In recent months, the Paruveta Utsavam of Sri Lakshmi Narasimha Swamy at Ahobilam has entered the national spotlight with a Parliamentary resolution seeking UNESCO recognition—either as an Intangible Cultural Heritage element or as part of a broader heritage‑conservation framework. The Ahobila Mutt, custodian of the Ahobilam temple for over 750 years, stands at the centre of this debate. Yet, beneath the glitter of the UNESCO brand lie deeper questions about who really controls Hindu temples, what such recognition actually delivers, and whether it is a meaningful safeguard or merely a symbolic crutch.

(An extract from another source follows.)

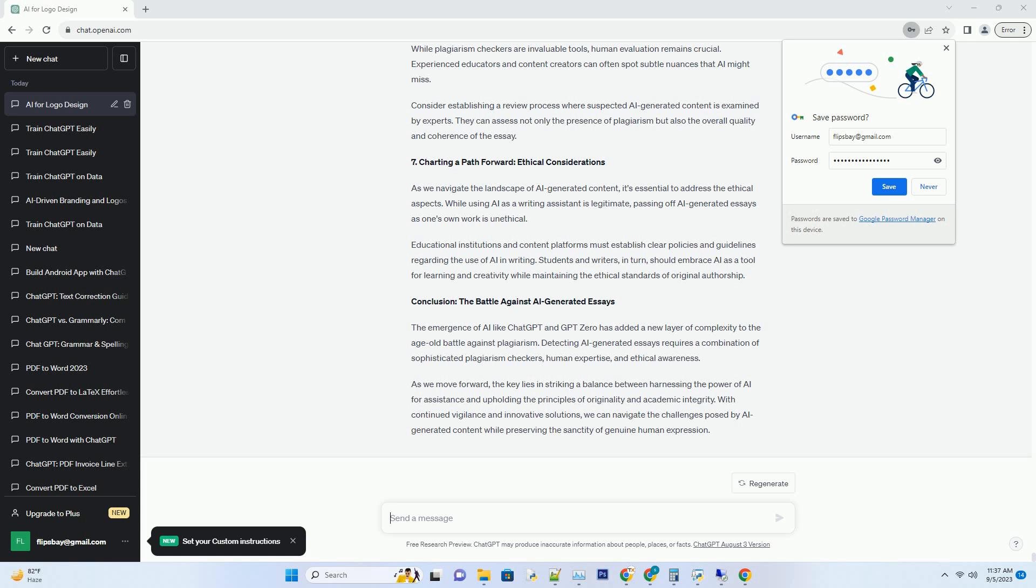Some popular plagiarism checkers include Turnitin, Copyscape, Grammarly, and PlagScan. Utilizing these tools can be the first line of defense against AI-generated essays.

What UNESCO recognition can and cannot do
UNESCO recognition—whether via the Representative List of Intangible Cultural Heritage or through World Heritage or Asia‑Pacific Awards—carries real prestige. It signals that a tradition is of outstanding cultural value and worthy of safeguarding for future generations. In bureaucratic and diplomatic circles, the “UNESCO tag” becomes a brand that can be used to justify conservation projects, attract specialist expertise, and even flex soft‑power muscle on the global stage.
However, UNESCO does not automatically:
• transfer money to the temple or mutt,
• take over day‑to‑day management,
• or insulate religious institutions from state interference.

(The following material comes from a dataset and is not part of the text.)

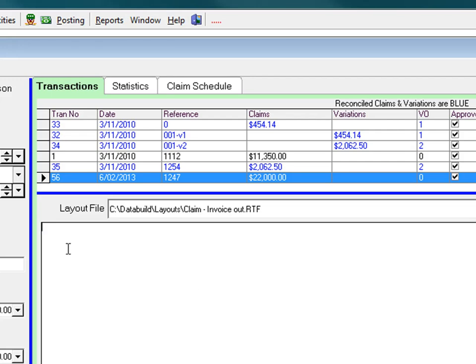You can add text in the details panel and this will appear on your claim. Of course you can be a lot more elaborate than this.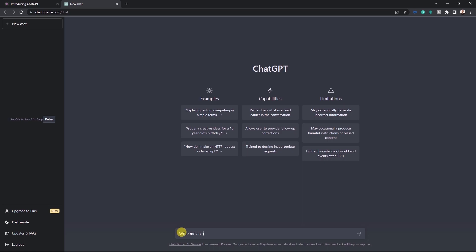In the chat box, type, write me an after effect expression for a bouncing effect. This amazing AI tool will generate a piece of code instantly.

Its own World Heritage Fund is small and globally competitive; disbursements are usually advisory, technical, or emergency‑oriented, not recurring temple‑subsidies. Any real financial benefit for Ahobilam will come indirectly, filtered through state and central governments, tourism bodies, and contractors—precisely the actors whose behaviour the Hindu community most fears.
Sri Rangam: A cautionary tale
The Sri Ranganathaswamy Temple at Srirangam has already received a UNESCO Asia‑Pacific Award of Merit for its conservation work. That award was a hard‑earned recognition of a massive, traditional‑method restoration project, completed with careful engineering and devotion to heritage. Yet, for many devotees and scholars, the daily reality of Sri Rangam does not match the gloss of the award. The temple’s self‑governance remains constrained, the HR&CE system continues to manage assets and appointments, and the lived experience of darshan, utsava, and kshetra‑saukhyam is often strained by poor infrastructure and political‑bureaucratic interference.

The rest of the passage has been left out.